Bull redfish are a popular prize among anglers this month, and one of the best places to find them is in the Charleston Harbor. These aren’t eating-sized fish, but true trophy fish.
Capt. Addison Rupert of Lowcountry Outdoor Adventures said this time of year is one of the best for catching these fish, which range anywhere from 30 inches long on up to over 50 inches in length.
Rupert has been catching plenty of these fish in the past few weeks. The best way to find them in the harbor is to look on your sonar for changes in the harbor’s floor. And while many people look for holes that are slightly deeper than the water all around them, it can be just as effective to find bumps, or small areas that are slightly more shallow than the water around them.
Once he finds a likely looking spot, Rupert anchors down and fishes with either live or cut bait.

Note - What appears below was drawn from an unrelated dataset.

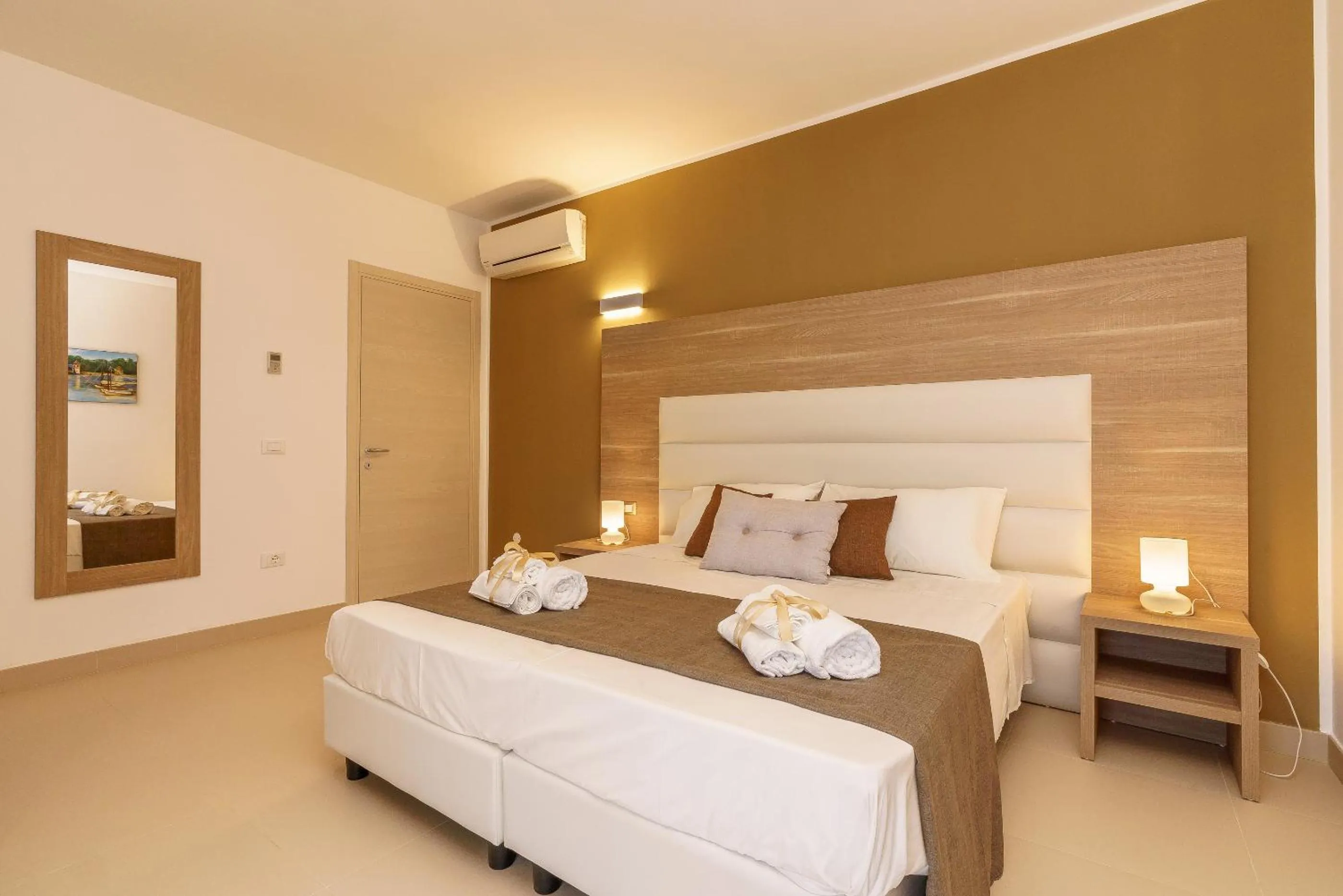 Bed in Travini Hotel Residence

He said on most days this time of year, the redfish aren’t too picky about what they’ll eat, but he prefers to have a variety of baits. Live mullet, menhaden, and shad make up a good portion of his baits, but cut versions of all those, as well as quartered blue crabs are good baits too.

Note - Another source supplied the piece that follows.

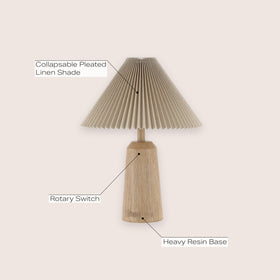 JONATHAN Y lamp with black pleated shade enhances a living space.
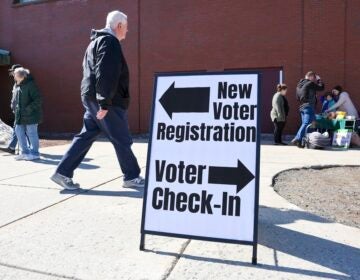 A sign at a polling place indicating where to vote and where to register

These fish require that anglers go a little heavier on their gear than they would if fishing for slot-sized redfish. 4500-series spinning reels on medium-heavy to heavy rods are standard, and it’s not uncommon to use 5500 and 6500 reels. Fishing lines that range from 30 to 60 pound test are good bets, and hook sizes range from No. 3 to No. 6.
Once the bait is on the bottom, Rupert prefers to put the rods in rod holder, then wait for the fish to bite. Using circle hooks, the rods will do the hooking for you once the fish bites the bait and starts to move with it. Allowing the equipment to do the work cuts down on missed fish.

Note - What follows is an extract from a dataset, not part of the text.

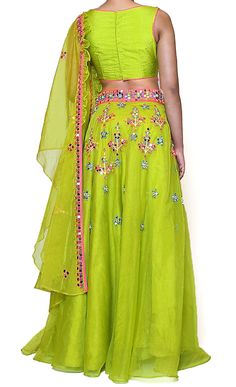 The party's here! This gorgeous designer lehenga features a green organza base with multi-color threadwork throughout along with stunning mirror work. t is paired with a matching short blouse in dupion base and a dupatta. Designer: Preeti S Kapoor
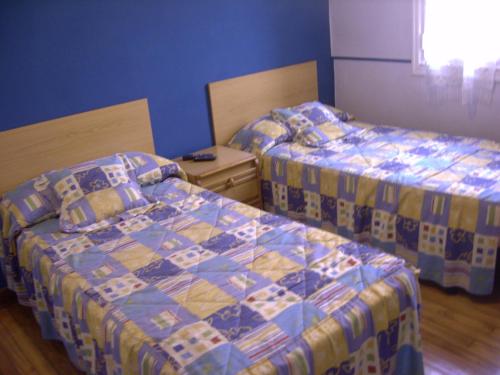 two beds in a room with blue walls at Pensión Gema in Irún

And once a fish is hooked, the fight is on. The trick to landing these oversized fish is to reel in slack line when the fish allows you to, and to let them run when prefer to do so. With the proper equipment and hook set, once these fish are hooked, landing them is just a matter of time, especially out in the harbor where the fish have no structure to swim in and tangle up on.
Some anglers make the mistake or trying to horse the fish in too quickly. These fish will tire themselves out, but you have to let them run against the drag of the reel to help tire them out. If your drag is set too tight, you will either reel them in too quickly, which will leave them with plenty of energy to fight once they get to the boat, or they will simply break the line before you even see them.